TechEarl

Docker Image Size Optimization: Multi-Stage Builds, Alpine, Slim, Scratch, and Distroless

Why your Docker image is 1.5 GB and how to get it under 100 MB. Multi-stage builds, the choice between alpine and slim, when to reach for scratch or distroless, and the docker history command for finding the bloat.

Ishan KarunaratneIshan Karunaratne⏱️ 8 min readUpdated
Share thisCopied

A naïve Docker image for a Node.js app is 1.5 GB. The same app, built thoughtfully, is 80 MB — about 20x smaller, faster to push, faster to pull, smaller attack surface. The techniques are not exotic: multi-stage builds, an Alpine or slim base, a strict .dockerignore, and using docker history to find the layer that's bigger than it should be.

Why image size matters

  • Push and pull time. A 1.5 GB image on a 50 Mbps connection takes 4 minutes per pull. On a CI host that pulls 50 times a day, that's 200 minutes. Cut the image to 80 MB and it's under a minute.
  • Disk space. Production hosts running 30 services with 1 GB images each is 30 GB just to have them on disk. The same services at 100 MB each: 3 GB.
  • Cold-start latency. On serverless runtimes (Cloud Run, Fargate, Lambda containers), the image is pulled fresh on a cold start. 1.5 GB cold starts in 30-60 seconds; 80 MB in 2-3 seconds.
  • Attack surface. Every binary in the image is a potential exploit. A scratch or distroless image has no shell, no package manager, no curl, nothing to attack. Smaller usually means simpler, simpler usually means safer.

The two techniques that do 95% of the work

1. Multi-stage builds. Compile, build, test, install in a heavy stage; copy only the artifacts into a slim final stage. Build toolchains, devDependencies, and intermediate files never reach the final image.

2. A slim base image. node:22-alpine instead of node:22. python:3.13-slim instead of python:3.13. The savings are immediate, often 100+ MB.

That's it for most apps. Everything else in this article is the edges.

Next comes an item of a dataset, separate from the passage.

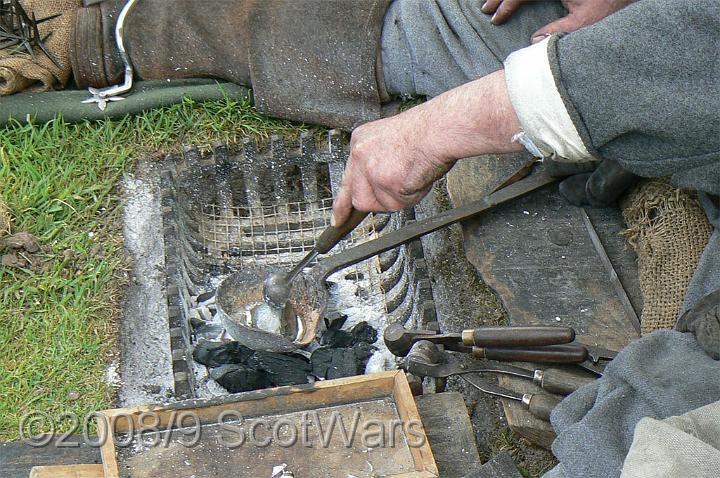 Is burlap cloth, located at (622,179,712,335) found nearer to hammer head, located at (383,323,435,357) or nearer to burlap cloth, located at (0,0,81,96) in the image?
hammer head, located at (383,323,435,357)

Multi-stage builds, properly

A Node.js app, before:

dockerfile
FROM node:22
WORKDIR /app
COPY . .
RUN npm install
RUN npm run build
EXPOSE 3000
CMD ["node", "dist/server.js"]

That image is around 1.5 GB. Includes the full Debian image, all of node_modules (including devDependencies), the source tree, build artifacts, possibly cached test data.

After:

dockerfile
# Build stage
FROM node:22 AS build
WORKDIR /app
COPY package.json package-lock.json ./
RUN npm ci
COPY . .
RUN npm run build

# Runtime stage
FROM node:22-alpine
WORKDIR /app
ENV NODE_ENV=production
COPY --from=build /app/package.json /app/package-lock.json ./
RUN npm ci --omit=dev
COPY --from=build /app/dist ./dist
USER node
EXPOSE 3000
CMD ["node", "dist/server.js"]

That image is around 100 MB. Everything in the build stage (build tools, devDependencies, source) is discarded; only the runtime essentials make it into the final image.

Alpine vs slim vs full

BaseSizeWhen to use
Full (node:22, python:3.13)150-200 MBBuild stage where you need compilers. Almost never as a runtime base.
Slim (python:3.13-slim, node:22-slim)75-150 MBDefault for runtime. Debian-slim, glibc, most native modules work cleanly.
Alpine (node:22-alpine, python:3.13-alpine)40-90 MBWhen size matters and your dependencies tolerate musl libc.
Distroless (gcr.io/distroless/...)20-40 MB + your binaryFor locked-down runtime. No shell, no package manager.
Scratch0 MB + your binaryStatic binaries only (Go, Rust). Absolute smallest.

Alpine caveats: Alpine uses musl libc and BusyBox. Some Python wheels (NumPy, Pandas, SciPy) don't publish musl builds, so pip falls back to source compilation that takes minutes and may fail. Some Node native modules have similar issues. Test before committing.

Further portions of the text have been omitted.